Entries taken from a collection
BEGIN
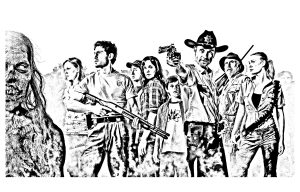 Printable TV show Coloring Page for adults : The-walking-dead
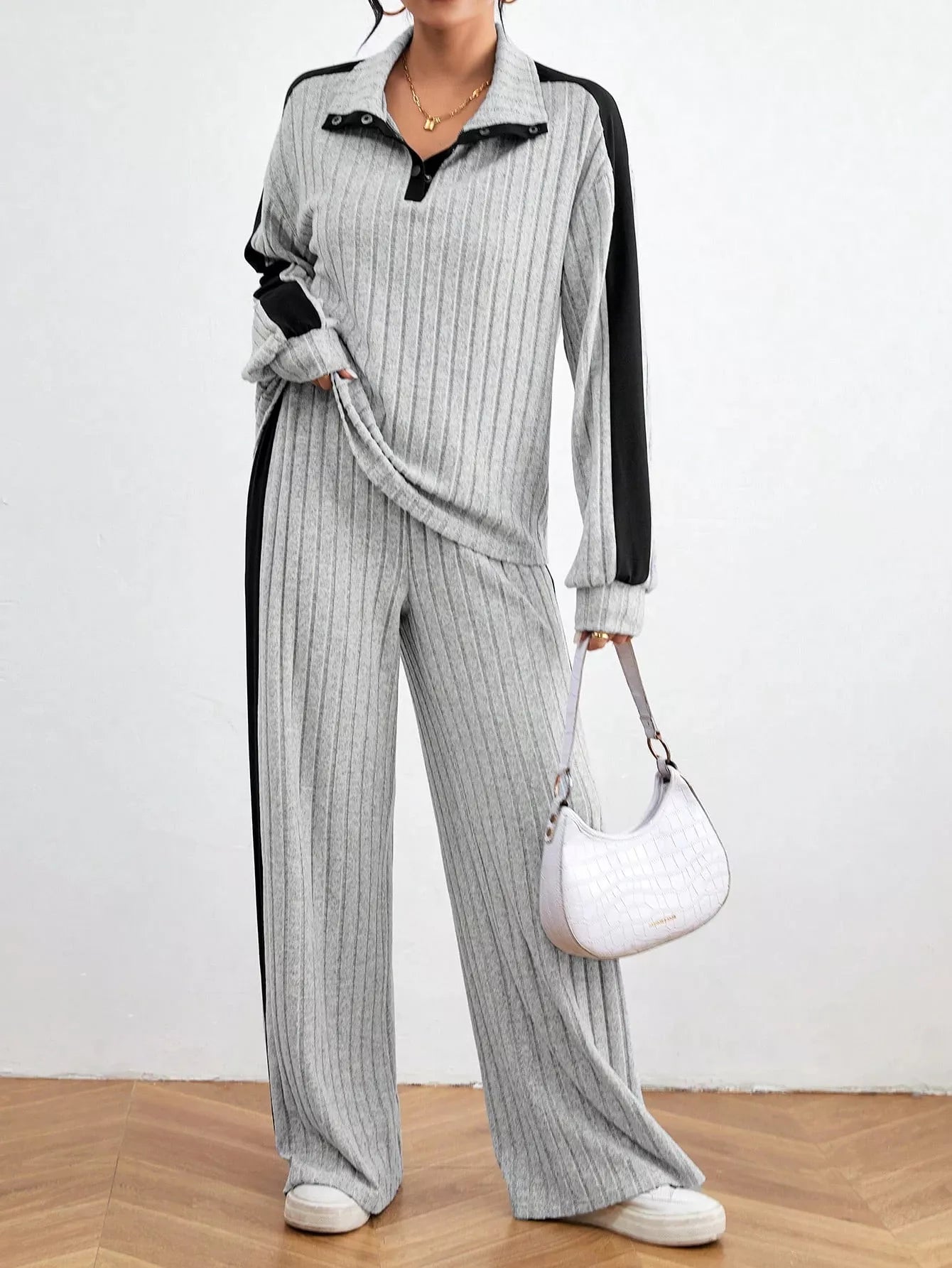 Ribbed Contrast Dropped Shoulder Top and Pants Set OutfitFlow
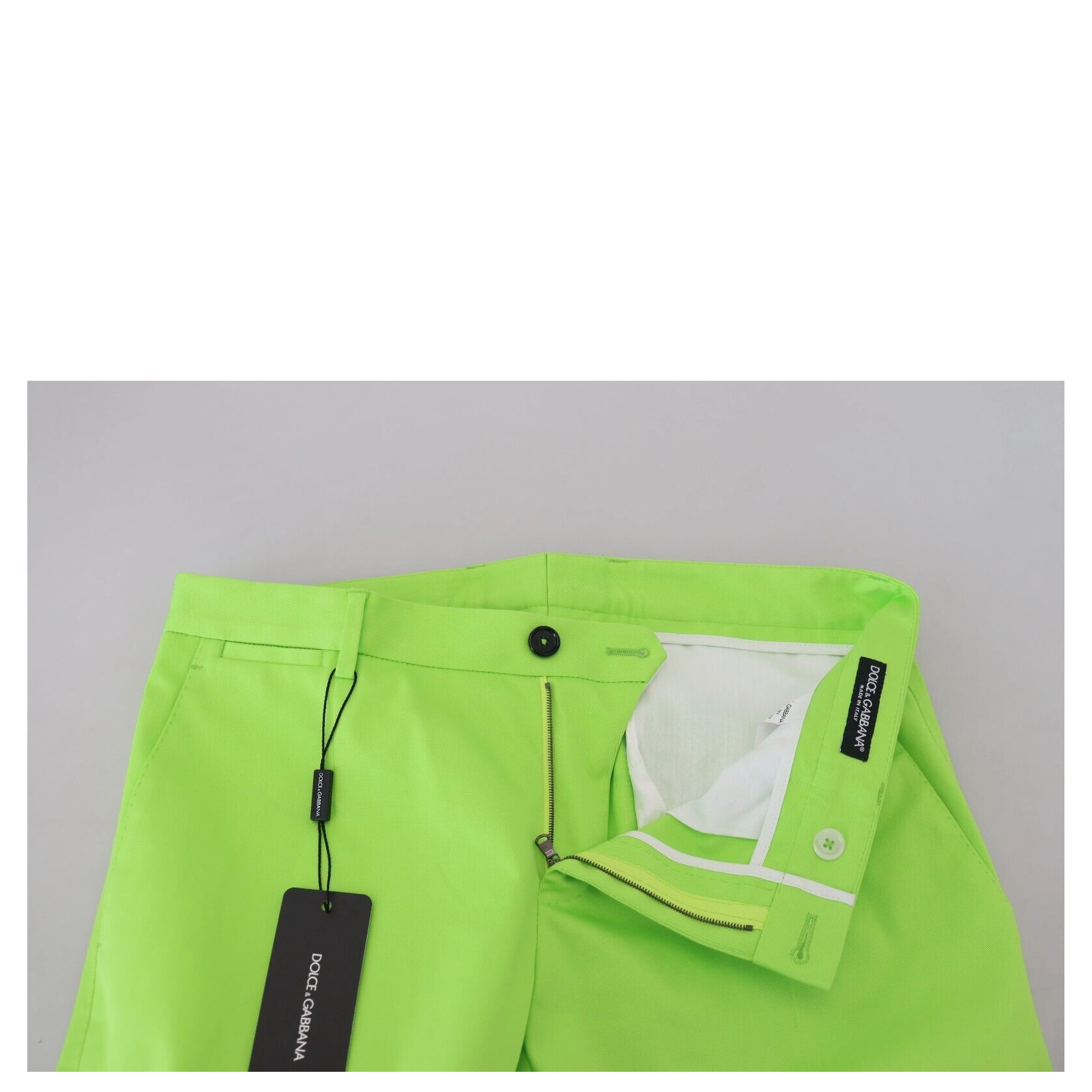 Light Green Cotton Skinny Men Trousers Pants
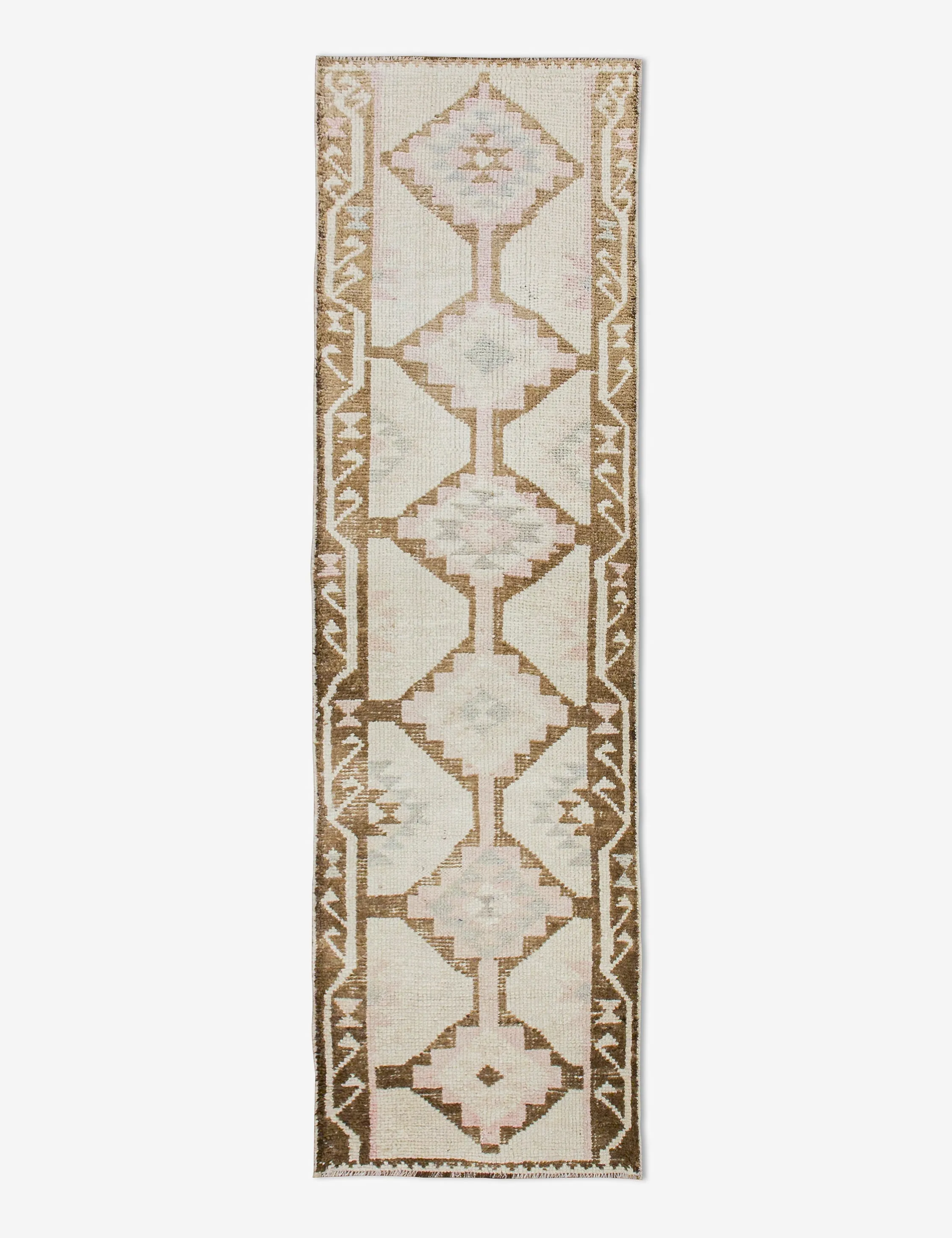 Vintage Turkish Hand-Knotted Wool Runner Rug No. 244, 2'12" x 10'12"modern color block patchwork rug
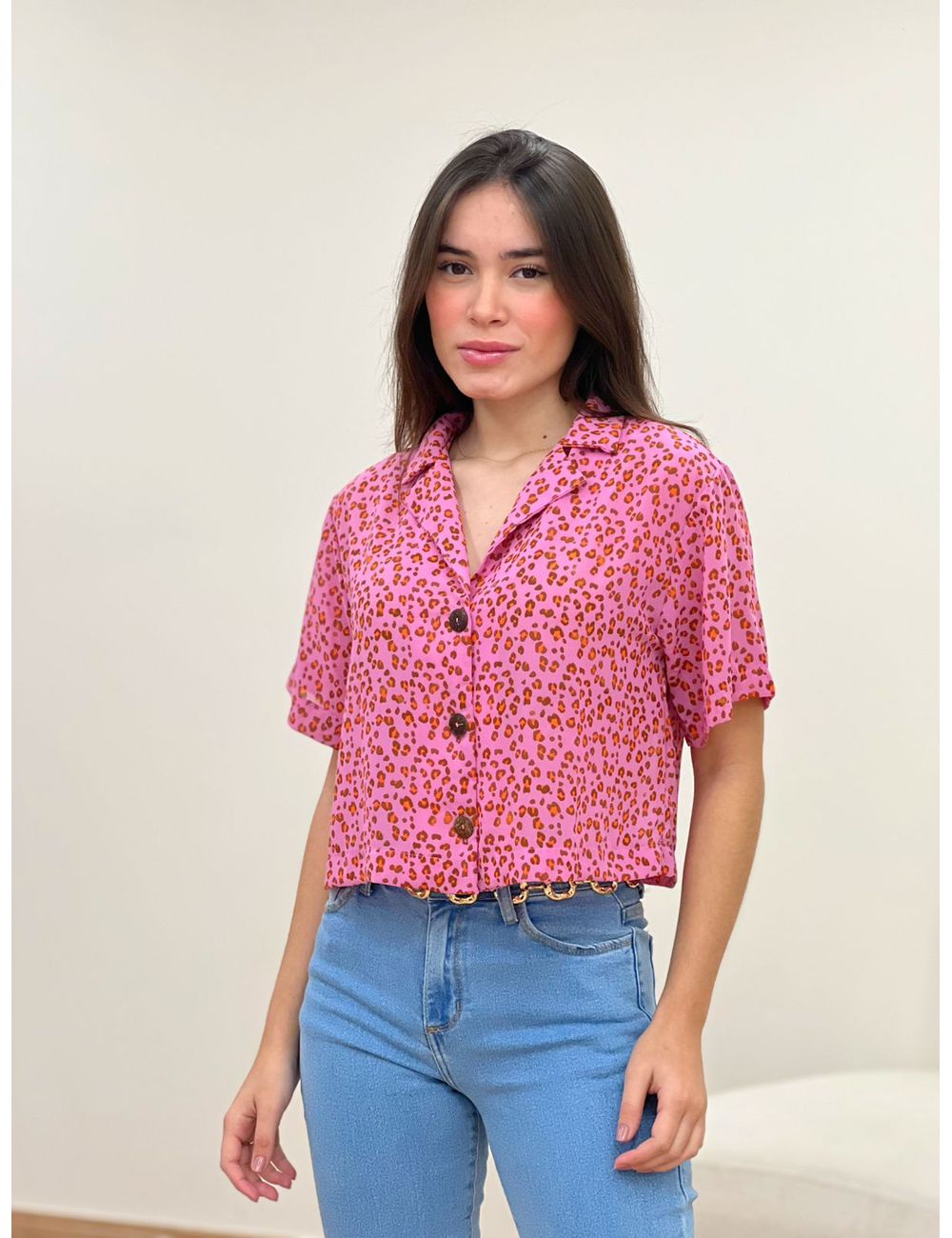Camisa Cropped Onça Rosa - Ana G Store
END
HOW TO COMPLETE THIS TASK:
Leaving out any pictures, write the records above out exactly as they are.

TASK RESULT:
 Printable TV show Coloring Page for adults : The-walking-dead
 Ribbed Contrast Dropped Shoulder Top and Pants Set OutfitFlow
 Light Green Cotton Skinny Men Trousers Pants
 Vintage Turkish Hand-Knotted Wool Runner Rug No. 244, 2'12" x 10'12"modern color block patchwork rug
Camisa Cropped Onça Rosa - Ana G Store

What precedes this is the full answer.